SPOILERS SPOILERS SPOILERS

Just to get my phenomenological concerns out of the way, MURDER BY DECREE is predominantly a film of the uncanny. As I've done with a very few other entries here, I've denoted what I've elsewhere called the "centric phenomenality" first, while adding that there is an "eccentric phenomenality" that barely impacts on the narrative. In this film, the one element of marvelous phenomenality is that of a psychic who gives the hero some clues regarding the identity of Jack the Ripper. The psychic's abilities are presented as irrefutable, so they don't fit the model of the "ambivalent powers" that I've discussed in such films as 2004's RENEGADE. Yet the story certainly isn't primarily about this particular marvel, so that I judge that the element is eccentric in nature.

Another set of comparisons, perhaps more germane to detective-film fans, is that MURDER BY DECREE is the second major film to pit Sherlock Holmes against the Ripper, following in the footsteps of 1965's A STUDY IN TERROR. DECREE shares some of STUDY's concerns, which I summarized thusly:

Hill’s film uses the menace of the Ripper murders for the purpose of societal critique.  Throughout STUDY the fate of the prostitutes menaced by  “Saucy Jack” indicts the callousness of British society, an indictment with which the conservative Doyle might not have agreed.  Holmes is placed in the position of striving to both save the marginalized poor and to keep the government, whatever its faults, from falling into chaos.

It's certainly possible that someone involved with the later film, directed by Bob Clark not long after his seminal slasher-film BLACK CHRISTMAS, saw STUDY and decided to attempt the same theme with a bigger budget. (DECREE's budget was $5 million, while STUDY's was more like $200,000. At the same time, the official source for DECREE is a Holmes-less nonfiction book, THE RIPPER FILE, so a lot of the similarities may be attributed to popular speculations about the identity of "Saucy Jack." Still, it's interesting that actors Anthony Quayle and Frank Finlay appear in both movies, with Finlay even portraying Inspector Lestrade in both.

The greatest difference between the two films is that whereas STUDY's Jack is a genuine "perilous psycho" whose psychotic activities are covered up by representatives of the British government. In DECREE, there really is no "Mad Jack," but rather two relatively sane murderers killing English prostitutes in apparently ritualistic patterns. All of their efforts are devoted to throwing off suspicion about their real purpose: to conceal the past indiscretions of a real-life aristocrat. (False names are used for the conspirators, though originally they too were based on actual personages.)
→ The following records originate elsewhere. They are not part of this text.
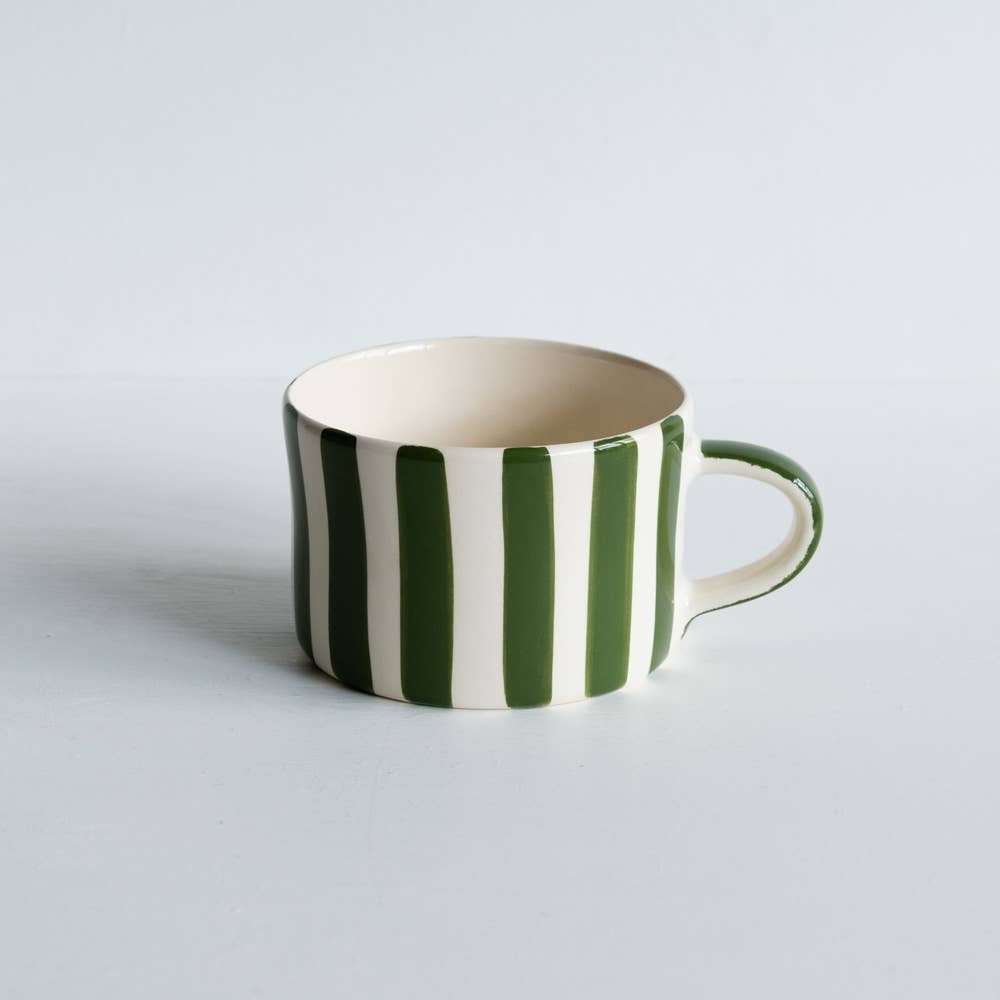 Musango - Wholesale Coffee Mug - Handmade & Painted Latte Style Musango Mugs in Candy Stripe2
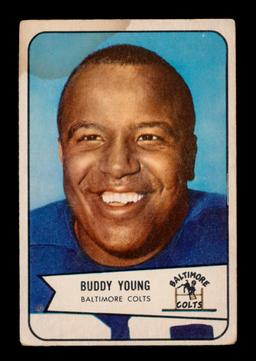 1954 Bowman Football Card #38 Buddy Young Baltimore Colts. Water Stain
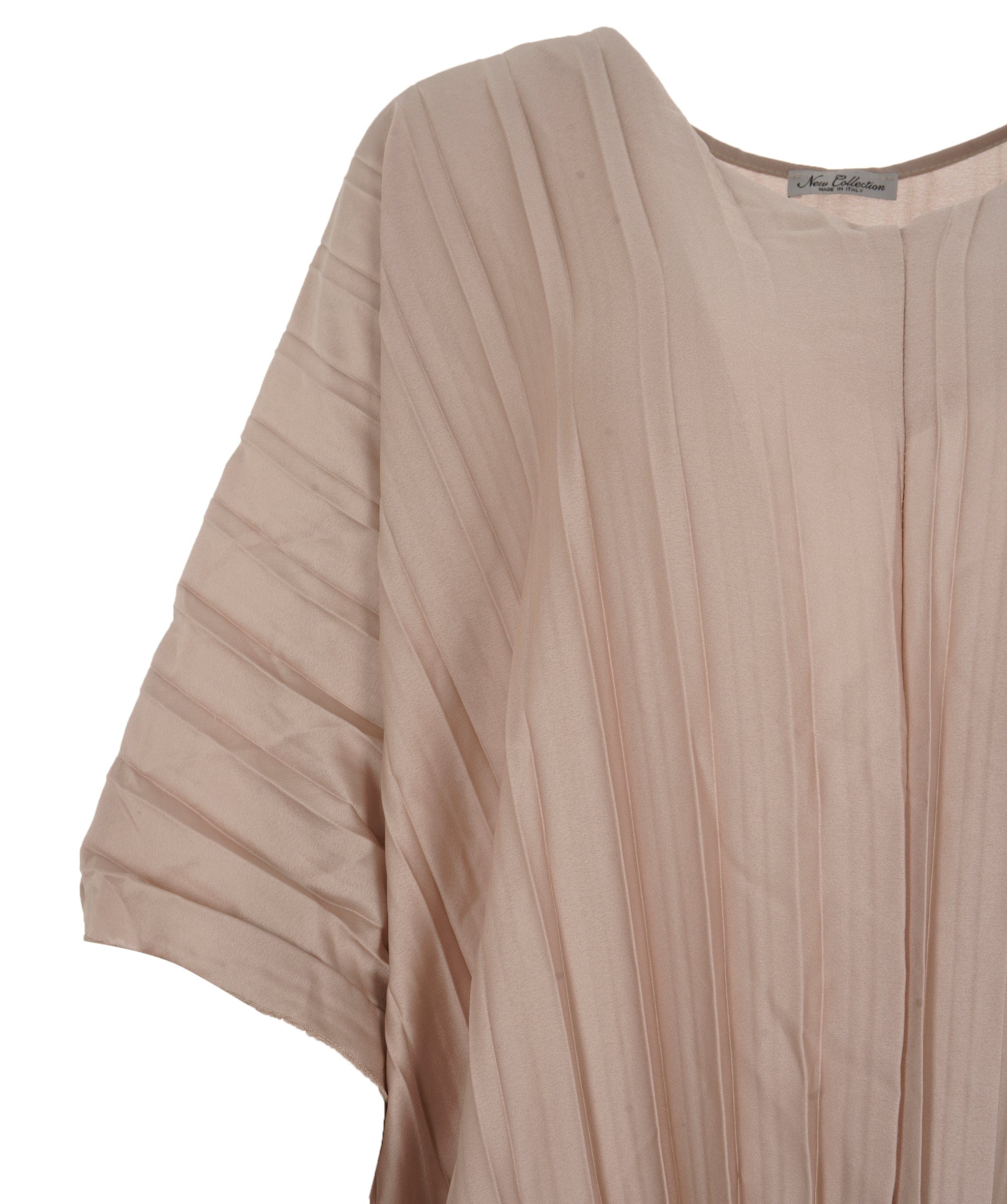 Luxury Promise Satin V-Neck Pleated Kaftan Champagne (One size UK 8-20) AKL0136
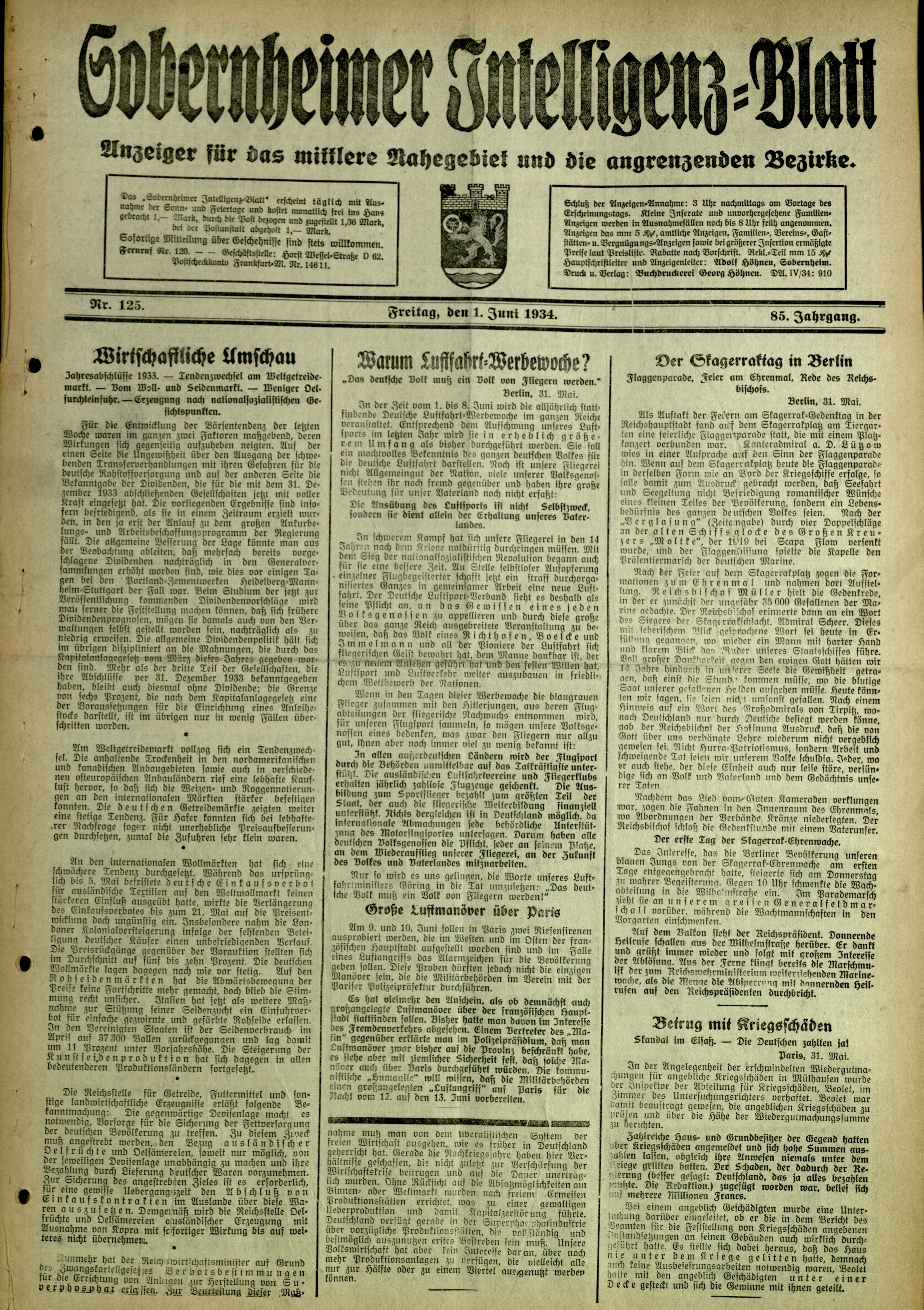 Zeitung: Sobernheimer Intelligenzblatt; Juni 1934, Jg. 85 Nr. 125 (Heimatmuseum Bad Sobernheim CC BY-NC-SA)
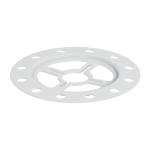 A steel flat washer with a central hole for use with a bolt or screw to distribute clamping load and protect the mating surface.,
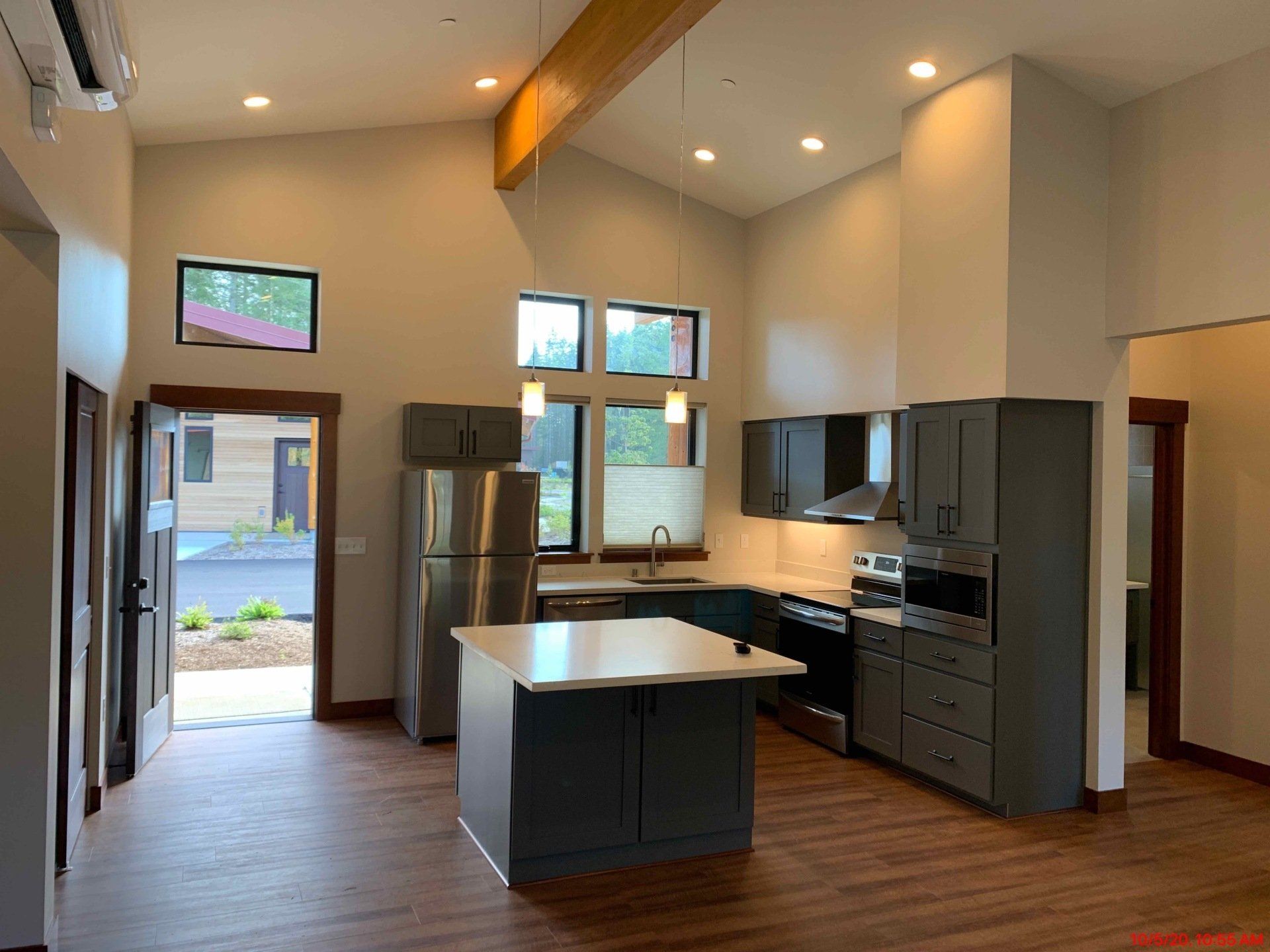 Kitchen with white cabinets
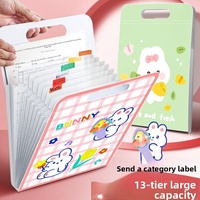 Pochette de rangement A4 en carton à 13 couches pour étudiants, grande capacité, pour documents scolaires et de bureau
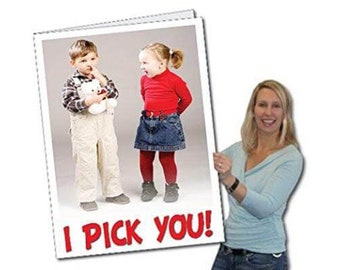 36" Jumbo Valentines Day Card: I Pick You! with Envelope | Giant Greeting Card | Big Funny Card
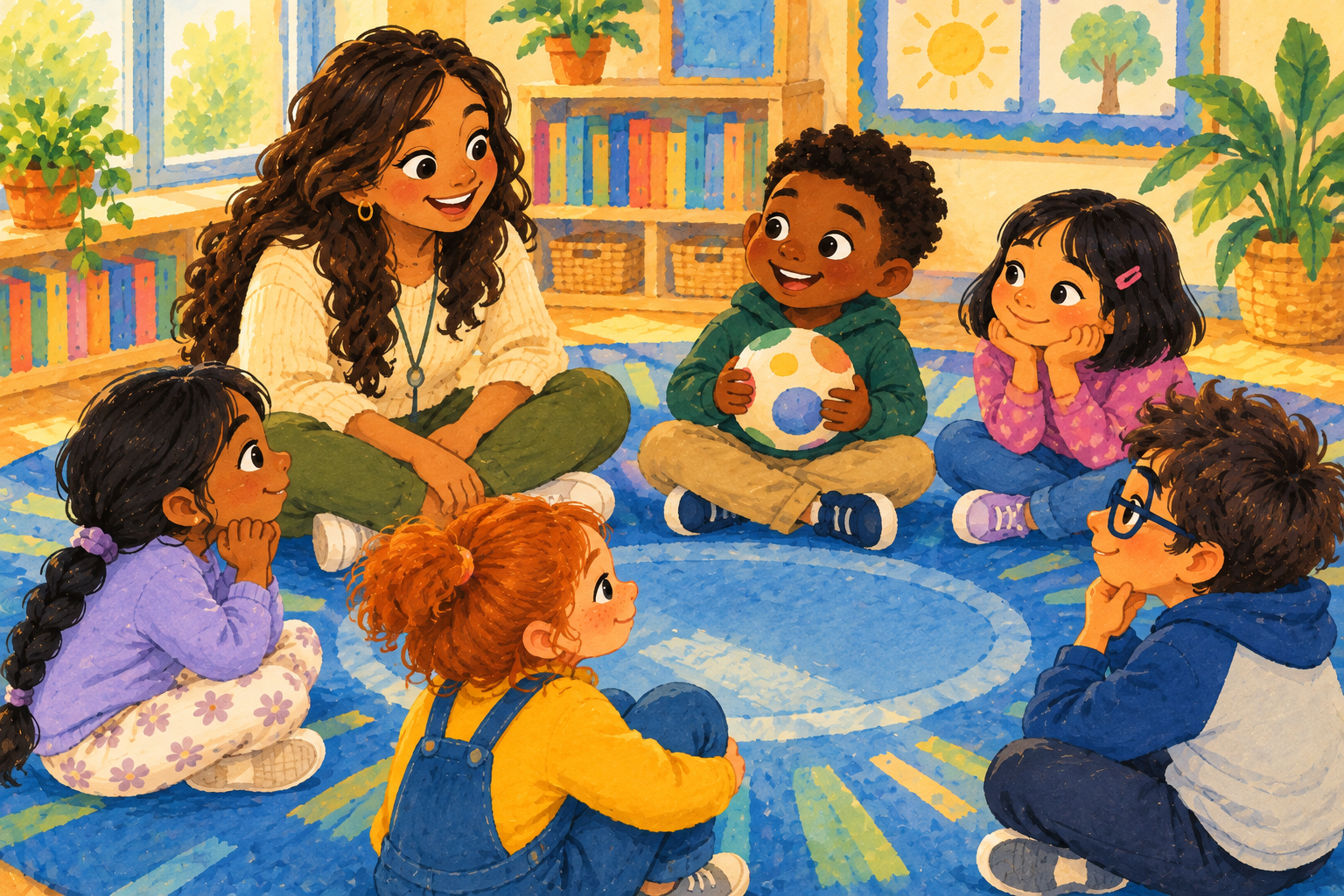 Painted illustration of a teacher and children sitting in a classroom morning-meeting circle.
Though director Clark had been associated only with low-budget films, the production has an "A-list" look all the way, particularly in its casting of Holmes and Watson with top-decker actors Christopher Plummer and James Mason. Their chemistry provides the film's best moments, particularly in little moments, like Holmes' impatience with seeing Watson try to pick a single pea off his food-plate without squashing it. However, for a Ripper film there are relatively few "spooky" moments, and gore is more implied than seen. Clark shows a few scenes in which the Ripper commits murders without showing his face, so that he seems in line with the killers of both giallo flicks and slashers. However, when Clark does let his "fake Ripper" be seen, the actor doesn't inspire fear or even convey the sense of being a tough customer. He and Holmes have a running battle near the conclusion of the film, but it's nowhere near as spirited a fight as the one in STUDY IN TERROR. On top of that, the fight is concluded when the fake Ripper gets caught in a fishing-net and somehow gets strangled in its coils.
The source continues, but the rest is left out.